Figure 8. Bcl-xL Has Profound Effects on Cell Migration and Invasion, and Reduces Cadherin 1 In Vitro

(A and B) Cell migration and invasion. Uninfected tumor cells or tumor cells infected with RCASBP-GFP, RCASBP-Bcl-xL, or RCASBP-dnE-cad were plated in the upper chambers of transwell plates (A) or of Matrigel invasion plates (B). Data are presented as the mean numbers of cells counted in the lower chambers in five fields under 20× magnification after 72 h, and are representative of three independent experiments. (C and D) Proliferative and apoptotic indices of the four different cell lines. Cultures grown on chamber slides from uninfected tumor cells or cells infected with RCASBP-GFP, RCASBP-Bcl-xL, or RCASBP-dnE-cad were stained with antisera against Ki67 (C) or activated caspase 3 (D).

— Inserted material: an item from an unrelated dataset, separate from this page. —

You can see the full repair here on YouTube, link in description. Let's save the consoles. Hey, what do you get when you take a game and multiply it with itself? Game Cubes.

Data shown are the mean percentage ± standard deviation from triplicate experiments. (E) Reduced protein levels of cadherin 1 and elevated snail homolog 1 levels in the tumor cell lines infected with RCASBP-Bcl-xL. Whole cell extracts (WCE; 20 μg) from uninfected tumor cells or tumor cells infected with RCASBP-Bcl-xL were analyzed by Western blotting using antisera against the cytosolic domain of cadherin 1 (clone 36), snail homolog 1, and Bcl-xL. Actin was measured as a loading control. (F) Two anti–cadherin 1 antibodies (clones ECCD-2 and 36) were used to perform IP from whole cell extracts of uninfected tumor cells and tumor cells infected with RCASBP-dnE-cad or RCASBP-Bcl-xL. The precipitates were subjected to Western blotting using an antibody against the cytosolic domain of cadherin 1 (clone 36). Two lanes without WCE were used to identify the bands attributable to IgGs (lanes 7 and 11). A portion of nitrocellulose membrane stained with Ponceau S is shown as a loading control.

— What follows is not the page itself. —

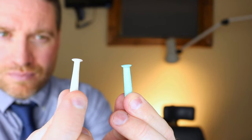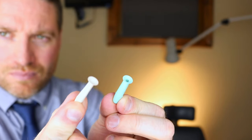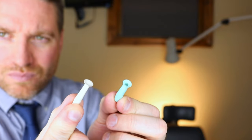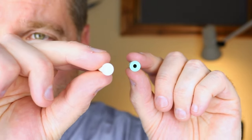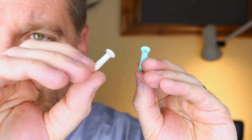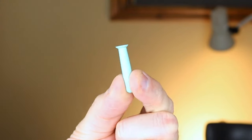Now for taking the scleral contact lens out, we're going to use a different type of plunger — a smaller suction plunger. There are usually two different types: one has a hole that you can squeeze to create suction onto the contact lens to get it out, and one without a hole that you push onto the lens, creating suction kind of like pushing a suction cup onto a window. Either way, these will help you pull the contact lens out.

Figure 9. Bcl-xL Interacts with BAX, Unphosphorylated BAD, and Myosin Va in the Tumor Cells Infected with RCASBP-Bcl-xL

(A) Whole cell extracts of tumor cells infected with RCASBP-Bcl-xL were prepared in cell lysis buffer containing 150 mM NaCl or 100 mM (NH₄)₂SO₄ (L100 buffer), and subjected to IP with increasing amounts of an anti-Bcl-xL antibody. The precipitates and 5 ng of recombinant human Bcl-xL (rBcl-xL) were analyzed by SDS-PAGE and silver staining. The putative Bcl-xL-interacting bands (open arrowheads) were excised from the gel for mass spectrometry. The identities of the proteins are listed. Both myosin Va and myosin, heavy polypeptide 9, non-muscle isoform 1 were identified by mass spectrometry using proteins from the excised area labeled “(1).” (B) Whole cell extracts of uninfected tumor cells and tumor cells infected with RCASBP-Bcl-xL were prepared in L100 buffer, and subjected to IP with an anti-Bcl-xL antibody. The precipitates were analyzed by SDS-PAGE and Western blotting using specific antibodies against Bcl-xL, BAX, BAD, phospho-BAD, myosin Va, and actin. Four of these proteins, Bcl-xL, BAX, BAD, and myosin Va, were found in anti-Bcl-xL IP from cells infected with RCASBP-Bcl-xL.